Using the above equations for calculating the ITD, in case x₁corresponds to the downmix signal and x₂corresponds to the channel signal m, it is defined, that if ITD<0, the downmix signal comes firstly, and if ITD>0, the channel signal m comes firstly. An example for calculating the ITD is described in more detail in reference [4].

Based on the aforementioned calculation of the ITD (x₁corresponds to the downmix signal and x₂corresponds to the channel signal m), it is evaluated in step 505′, whether the ITD is smaller than 0, i.e.
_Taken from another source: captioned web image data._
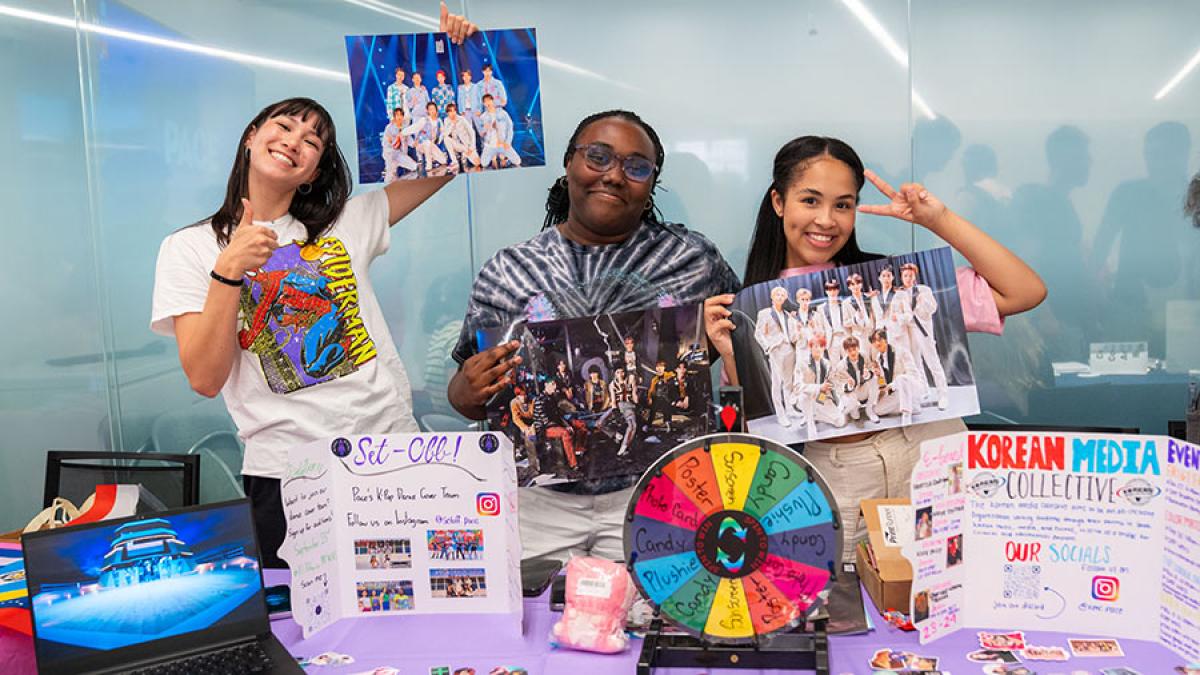 Pace University students at a display table. 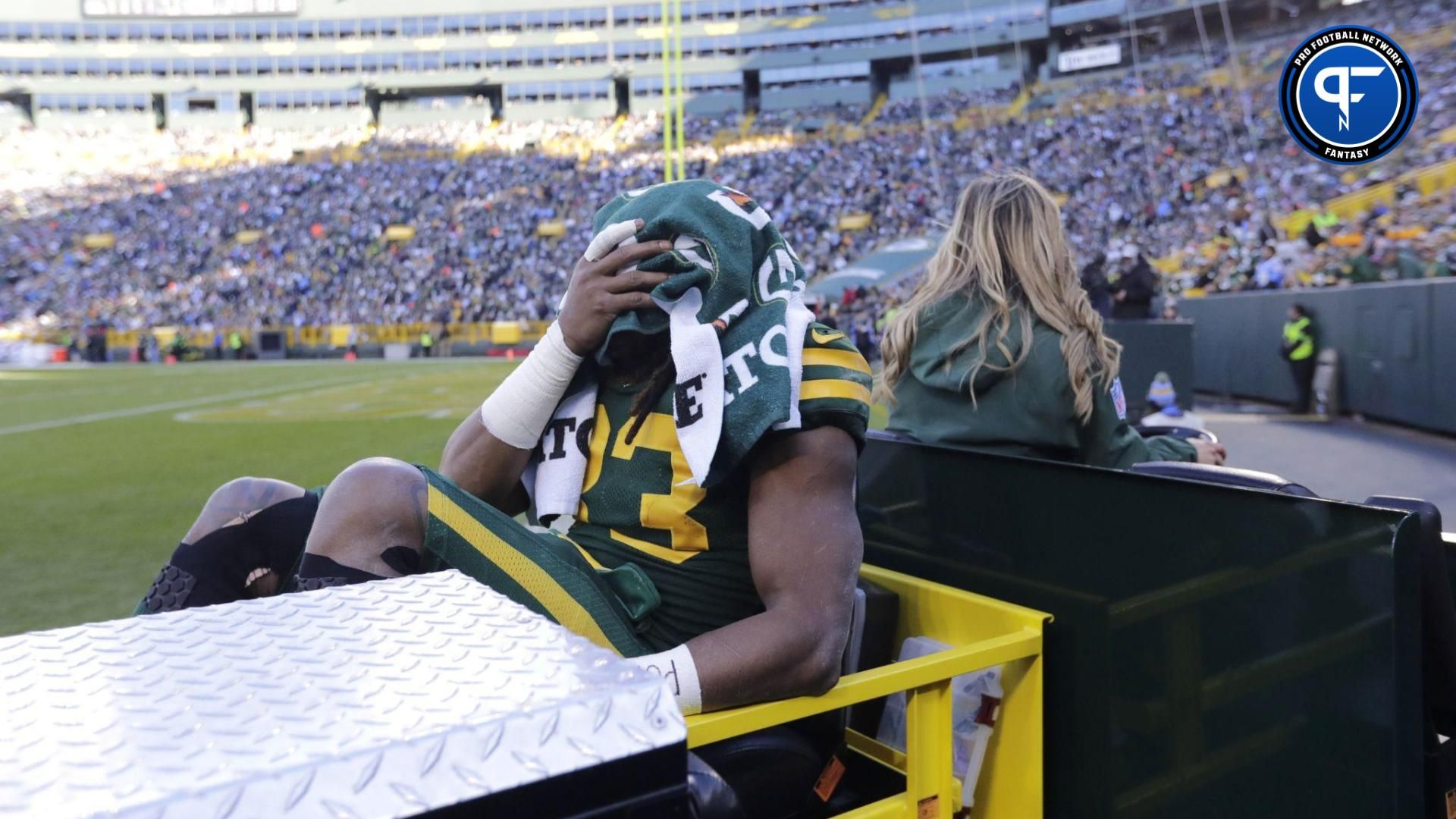 Green Bay Packers running back Aaron Jones (33) is carted off the field after getting injured in the second quarter against the Los Angeles Chargers at Lambeau Field.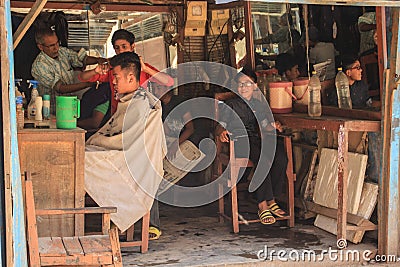 Barber for the poor in the poor quarter of Kathmandu. Street barber shop Editorial Stock Photo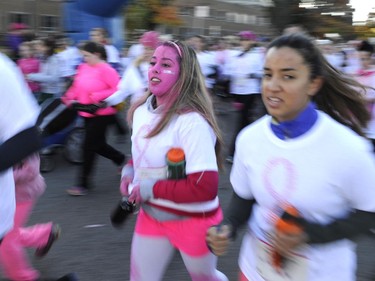 Pink face paint adorns a runner at the start of the CIBC Run for the Cure in Ottawa on Sunday, October 5, 2014.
ITD<0. If the ITD<0 (i.e. the channel signal m is delayed with regard to the downmix signal), the method proceeds with step 507′.
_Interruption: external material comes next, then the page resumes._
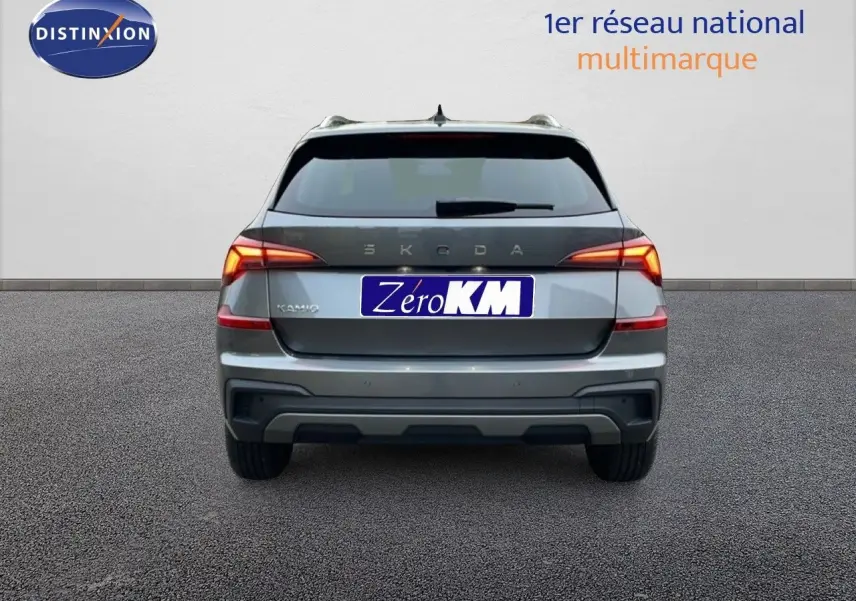 Vue arrière d'un Skoda Kamiq gris graphite métal 2025 avec feux allumés sur fond neutre.
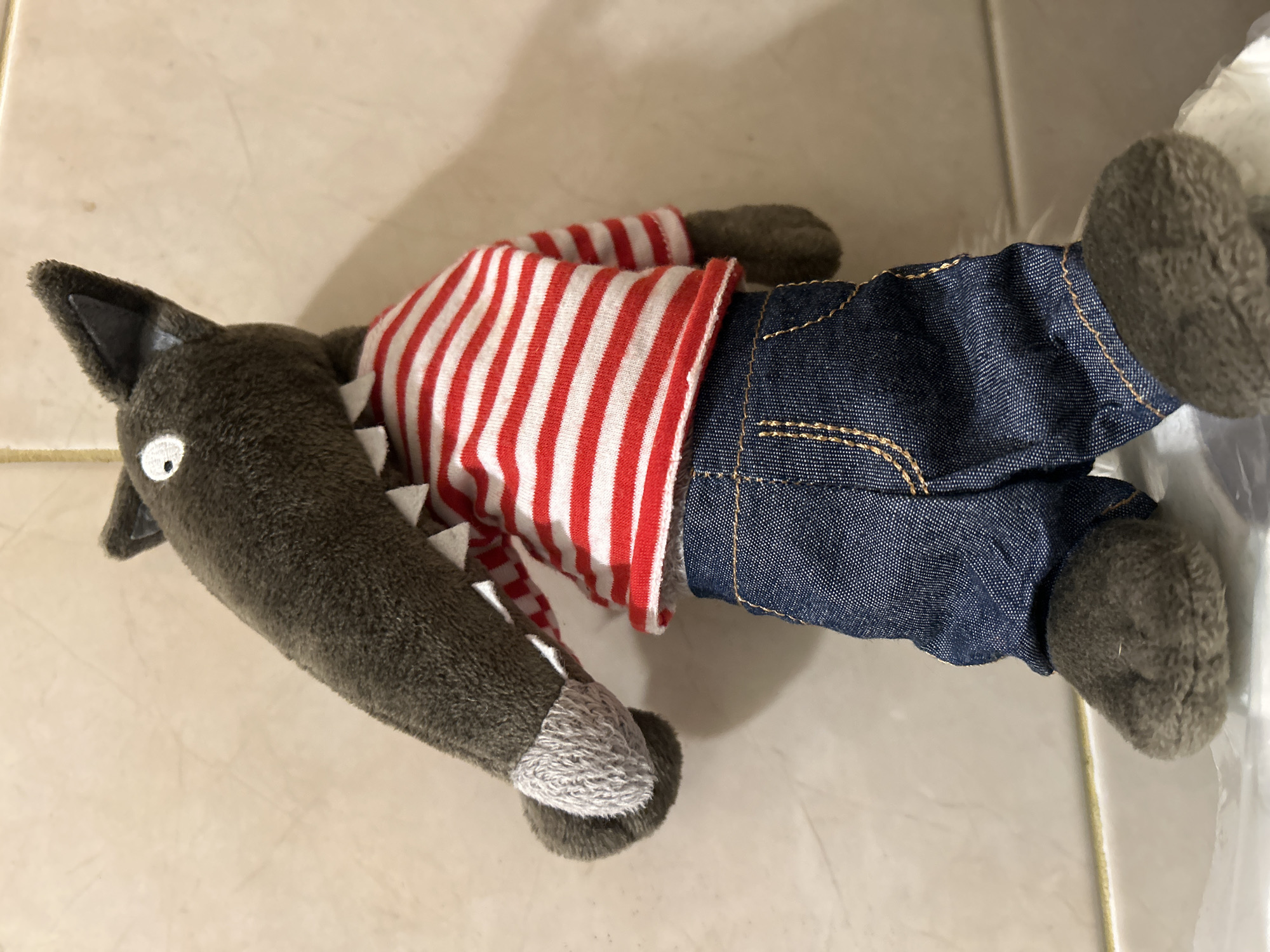 A stuffed wolf toy lies on a tiled surface. The toy is grey with a white eye and white teeth. It wears a red and white striped shirt and blue denim jeans. The environment is a light-colored tiled surface. There is no evidence to support this image being in Sofia, Bulgaria.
In the step 507, the mono time envelope is delayed by ITD samples for post-processing the channel signal m.

Then, in step 509, the time envelope of the channel signal m is recovered using the delayed and weighted mono time envelope.

If in step 505′ the result is that the ITD is not smaller than 0, i.e. ITD>0 (this includes the case ITD>0, i.e. downmix signal is delayed with regard to the channel signal m, and the case ITD=0, i.e. no delay between the two signals), then the method proceeds with step 515′.

Then, according to FIG. 21, in step 515′, the time envelope of the channel signal is recovered using the weighted mono time envelope without delay.

Alternative embodiments may comprise evaluating at step 505′, whether

(1) the ITD>0, (2) ITD<0, and (3) ITD=0, and may perform the post-processing of the channel signal m with a (undelayed) weighted time envelope of the downmix signal in cases (1) and (3) and may perform the post-processing of the channel signal m with a delayed weighted time envelope of the downmix signal in case (2).

Examples for calculating the respective weighting factor for weighting the time envelope of the decoded downmix signal are shown above.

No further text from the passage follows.